From ghoulies and ghosties
And long-leggedy beasties
And things that go bump in the night,
Good Lord, deliver us!
And long-leggedy beasties
And things that go bump in the night,
Good Lord, deliver us!
The Dark, by
Claire Mulligan
There is something delicious about being scared witless,
when you know it isn’t, or possibly won’t, or likely won’t really happen to
you, at least not tonight. All my life
I’ve loved to savour ghost stories, despite my father once telling me that
reading about that sort of thing, or even focussing on that sort of thing,
could attract spirits from dark places, and that I was much better off to focus
my thoughts elsewhere. I took all this
in with huge round eyes, at the age of thirteen, and for the most part listened
to his advice. But every once in a
while, I indulge in the scary.
While this historical novel is about the rise of
Spiritualism in the 1800s and the famous Fox sisters, who created the movement
but later confessed to being frauds, this is also one spooky read!
Although the author gives psychological
reasons for many characters’ reactions, there are still strange threads left
dangling about button holes, and moist clumps of dirt inexplicably soiling well
cleaned floors.
The story largely
settles on the middle Fox sister, Maggie, who is old, penniless, and dying in a
garret. Her life has been clouded with
guilt brought on in childhood when she and her sister amused themselves by assaulting a
pedlar, and on the ghost games they played on their
gullible mother, and then the public.
But although we hear about how the girls were technically able to
produce sounds to fool their mother, and then a séance, many other dark
mysteries surrounding the girls linger to create an atmosphere that is almost
suffocating with anxiety. If the girls
weren’t literally haunted by spirits, they were certainly haunted by the
consequences of their actions.
Although historical fiction is often mocked, this novel is
told with such cunning and beauty that it deserves to be read. This is a fascinating study of human
psychology, but also of times and traditions long past. The sisters are initially afraid of the dark,
as an adult warns “Here, folks respect the gloaming don’t they? They know it’s
God’s signal to shutter themselves in nice and safe.”
The gloaming. The
very word kicks in some kind of cellular memory that instantly raises the hair on
my arms.
When Maggie and Katie assault
the pedlar, he curses them fearfully.
This incident is pivotal to the entire Spiritualist movement, and the
ruined lives that unfold. Along with the curse, he calls them
“hoyden bitches” an alarming phrase, although it merely means boisterous or
high spirited bitches. Literally I used
a dictionary throughout this book, eagerly looking up such phrases as bonny
clabber, apple flummery, lambrequin on the windows, jackanapes,
tintinnabulation… Somehow, these old
timey words evoked old memories, as though this book bridges the gap from
ancient to modern. A world where “nasty
littles” in shadow grey skin give way to gas light on front porches, and ultimately
electric light glowing in every room, allowing people to stay up, and even stay
outside for as long as they please, fearless of the spirit infested dark that
terrorized earlier peoples.
The rise of Spiritualism took place when Victorians were celebrating
death fashions, plaiting hair of recently deceased loved ones, to be worn as
jewellery by the living, taking pictures of corpses that had been arranged to
look as though they were merely sitting and reading a book.

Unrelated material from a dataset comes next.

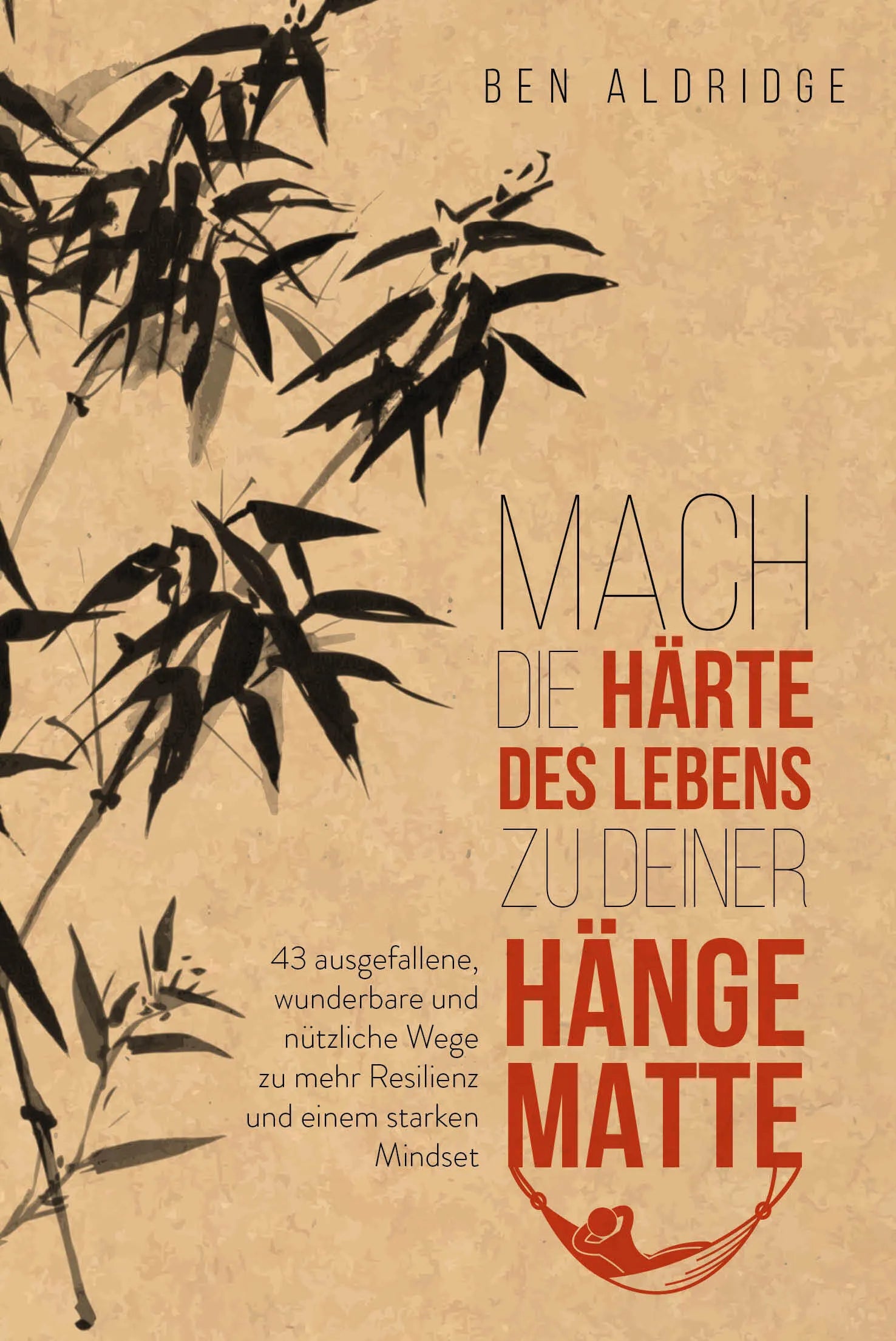 Buchcover von 'Mach die Härte des Lebens zu deiner Hängematte' - Gebundene Ausgabe von Ben Aldridge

Maggie’s husband (a cad) proposes to her by
taking her to a cemetery, and pointing out the grave she will one day share
with him if she agrees to be his wife.
The husband is Elisha Kane, the famed explorer who tried to find the
lost Franklin expedition.
You just know
the relationship will end badly when he tells Maggie, just before she is about
to pour out her heart to him: “You’re so wonderously mysterious, Tuttlie,
promise you will always stay so.”
Humor
arises throughout the book, unexpectedly. At the death-bed wedding of their much older
pragmatist sister Leah to a poorly suitor, young Maggie and Katie busy themselves
making ‘rum-flips’. Many puns arise
around the word “spirits”.
Unfortunately, the elder pragmatist Fox sister wonders “Has there ever been a woman who has not once worn a cloak made
of modesty and manners and piety? Soon the cloak hardens into a shell, which is
quite useful, as it keeps one from screaming.”

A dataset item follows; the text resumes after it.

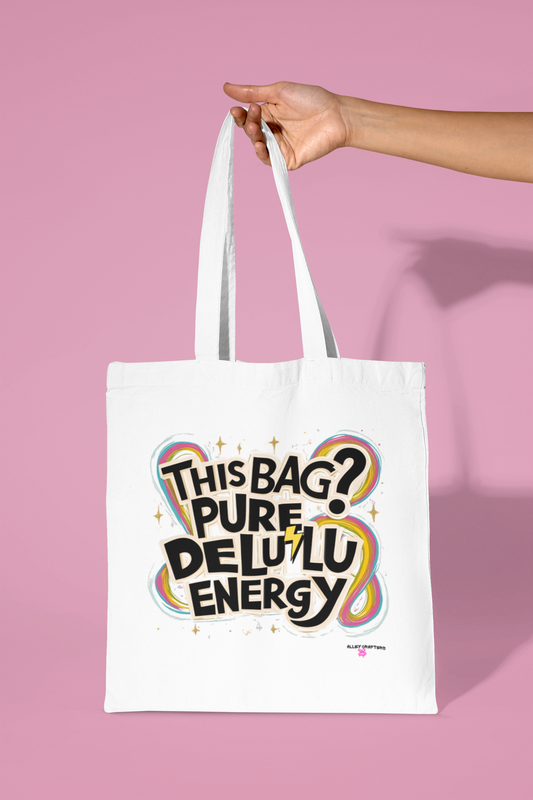 Pure Delulu Energy - Tote Bag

The time frame is not that far from the Salem witch hunts, and the Fox
sisters themselves nearly lose their lives on several occasions when angry mobs
swarm, intending brutal murder, enraged by the women’s “ blasphemies”.
The father’s advice to his daughters is powerful: “The world is God and the Glory is God and
everything of flesh and everything of green and God is not one thing, but
everything holds its position.”
He has
suffered his own traumatic experiences with alcoholism and ghosts, and finally
turns to spirituality, something the girls are quite blind to. He is powerless to help them.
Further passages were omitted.